L'anthropologue Joa (Bulle Ogier) interrompt son voyage au Mexique et revient à Paris pour revoir sa sœur Anna (Mireille Perrier), dont elle est sans nouvelles. Anna, actrice de théâtre, tenait, lorsqu'elle a disparu, le rôle-titre dans une pièce tirée de la Nouvelle Justine de Sade. L'enquête que mène Joa auprès des collègues de sa soeur, de ses amis, des dernières personnes qui l'ont vue, se transforme quête initiatique.

Elle assiste à une représentation de la pièce et prend conscience, à travers la gêne de l'actrice qui remplace Anna, que le jeu déborde sur la réalité. Cette passerelle à double sens entre l'imaginaire et le corps est favorisée par une conception physique et «cruelle» du théâtre, proche des théories d'Artaud ou de Grotowski. Les marques des cordes sur les poignets sont réelles, et la prose sadienne, débitée par le « Libertin » qui torture Justine, ne peut se perdre impunément dans les coulisses. Un acteur qui interprète un tel rôle y laisse des plumes. Anna était une professionnelle. La cruauté de la pièce n'aurait pas suffi à la déstabiliser. La fêlure vient de plus loin : la Justine humiliée n'a servi que de catalyseur.

En cherchant â connaître les raisons qui ont conduit Anna à rompre avec son métier et ses amis, Joa se métamorphose. Elle abandonne l'anthropologie et devient écrivain. Rupture, comme Providence d'Alain Resnais, est la mise à l'écran d'un livre en train de s'écrire. Dés le début, on voit la main de Joa noircir les pages qui deviennent les séquences du film. A l'exception de la rencontre finale entre les deux sœurs, Anna n'apparaît qu'en flash-back à l'image. Sa vie -romanesque ou réelle - nourrit la chair de la fiction. Aucune clé n'émarge sur le réel : il faut suivre toutes les pistes. Comme dans les grandes oeuvres -celle de Beckett, Joyce, Godard... -, la vérité se trouve du côté du langage.
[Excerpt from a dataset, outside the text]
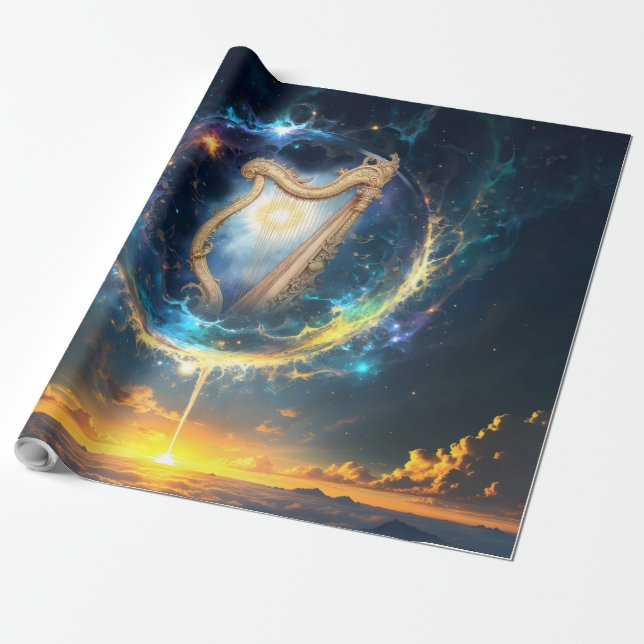 Papel De Presente Harpa Celestial dos Céus Lunares.  (Desenrolado)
Rupture est une création originale qui possède une écriture, une forme et une identité. Choses devenues tellement rares au­jourd'hui dans la production audiovisuelle, qu'il serait dommage de laisser dans l'ombre ce remarquable (télé)film. Raymonde Carasco avoue une dette envers Jacques Rivette (il y a plus d'une similitude entre Rupture et l'Amour fou, Marguerite Duras et Alain Resnais). Mais on est loin de la copie appliquée. Cet héritage digéré et intériorisé est mis en circulation dans une fiction très personnelle.

Le casting lui-même est en phase avec le processus d'élaboration du film. « Duras a vivement conseillé à Bulle Ogier de voir mon premier long métrage, Julien-portrait d un voyant », précise Ray­monde Carasco. « Bulle a aimé la musicalité du film et m'a fait comprendre que, si un jour j'avais besoin d'une actrice, elle serait là. Le personnage de Joa a spécialement été conçu pour elle. J'étais la première à lui proposer un rôle après la mort de sa fille Pascale. Mon instinct m'a ensuite guidé vers Mireille Perrier pour incarner Anna. A cause d'une parenté dans la profondeur du regard. Et, aussi, peut-être, parce que Mireille a sensiblement le même âge que Pascale... »

Raphaël BASSAN, Libération, mercredi 24 janvier 1990.